Exhibit A in their motion for the freedom of John Floyd is a sworn affidavit from none other than Burl Cain, the former longtime warden of the Louisiana State Penitentiary at Angola.
Cain said in his statement that Floyd was one of “the most trustworthy” inmates he dealt with during his 21 years at Angola. Cain retired last year.
“If John was guilty, I would say he is completely rehabilitated and it serves no purpose him being in prison. Because I believe John is innocent, I think keeping him in prison any longer is a tragedy,” Cain said.
Floyd, 67, has been serving a life sentence in connection with the stabbing death of Times-Picayune employee William Hines in the French Quarter in 1980.
On May 8, U.S. District Judge Sarah Vance said that fingerprint evidence withheld from his defense and the jury would have created doubt about his guilt at his trial.
John Floyd, who is serving a life sentence after he was convicted in the gory 1980 stabbing …
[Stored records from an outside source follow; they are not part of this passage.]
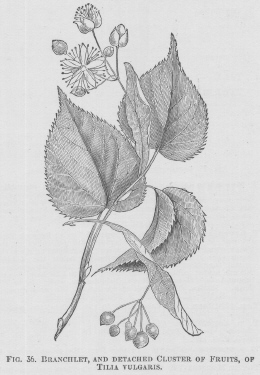 Tilia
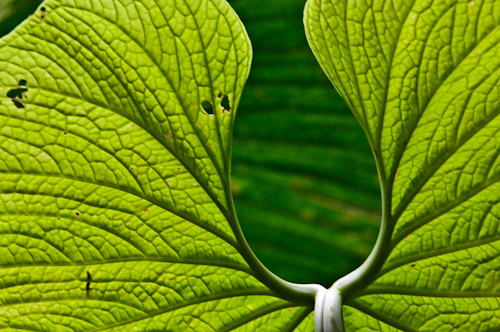 Leaf II, Mindo Cloud Forest, Ecuador.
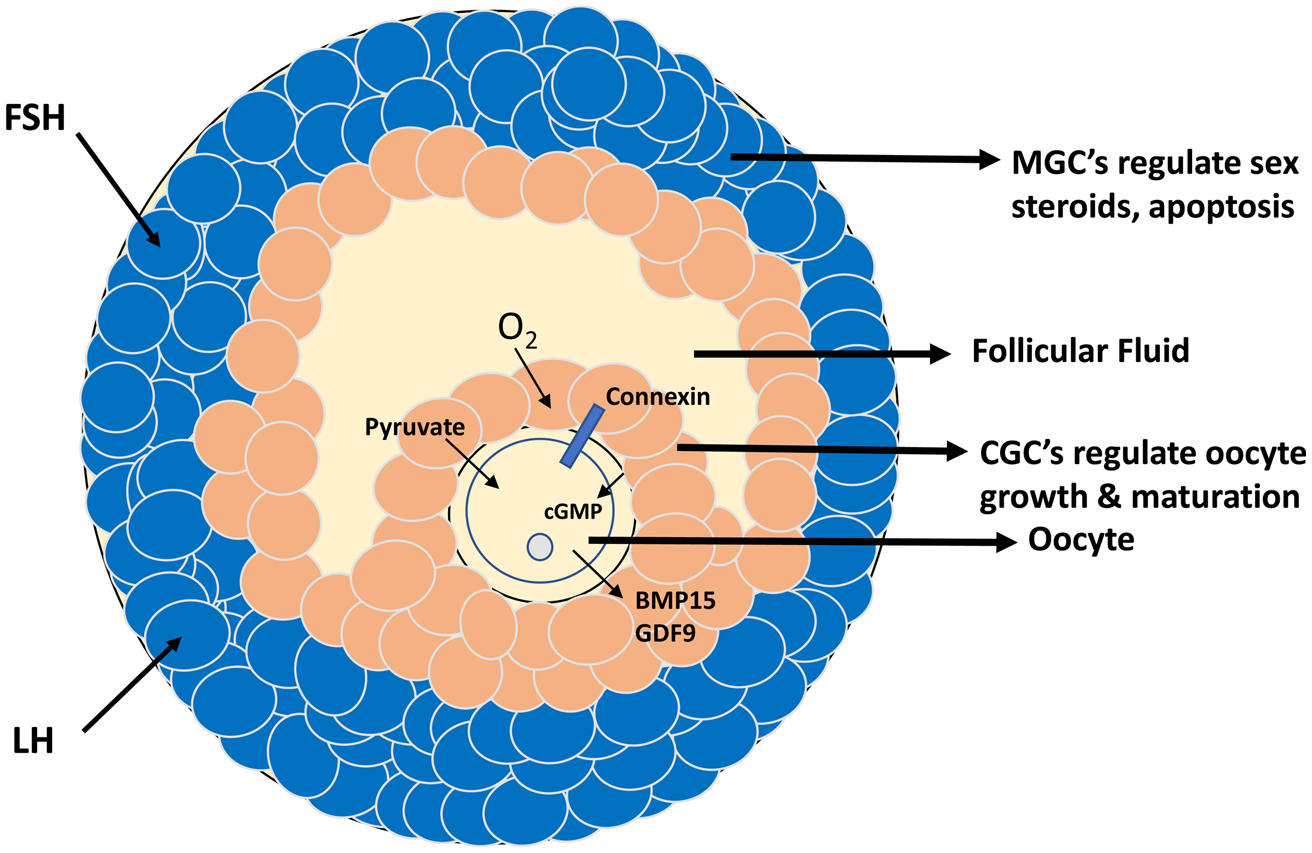 Fig. 5.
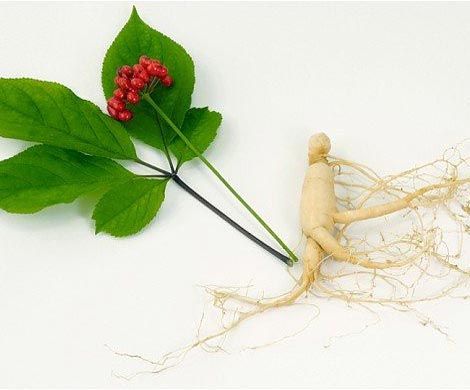 Названы продукты питания, которые помогут бросить курить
Vance ordered that Floyd be released from the state prison within 120 days, unless he is tried in the case again.
With few witnesses remaining 37 years later, prosecutors likely would face an uphill battle in retrying Floyd.
The Orleans Parish District Attorney’s Office has said it will appeal Vance’s order vacating the conviction; in the meantime, it is seeking to block Floyd’s release from prison.
Floyd’s release would present “a significant risk” that he would flee because he has been convicted and sentenced to life in prison, Assistant District Attorney Donna Andrieu wrote in a court filing.
In a motion filed Tuesday, however, Floyd’s attorneys at the Innocence Project New Orleans said he should be released immediately.
“The presumption of release is appropriate in this case because Mr. Floyd has an exceptional record of conduct while he has been imprisoned,” lawyer Emily Maw wrote in her motion. “He was one of only seven highly trusted inmates selected by then Warden Cain to assist with rebuilding in New Orleans after Hurricane Katrina.”
Floyd does not have the money to post a bond, according to the attorney.
Maw said that Floyd plans to go to either a farm near Lafayette or a re-entry program in New Orleans if he is released.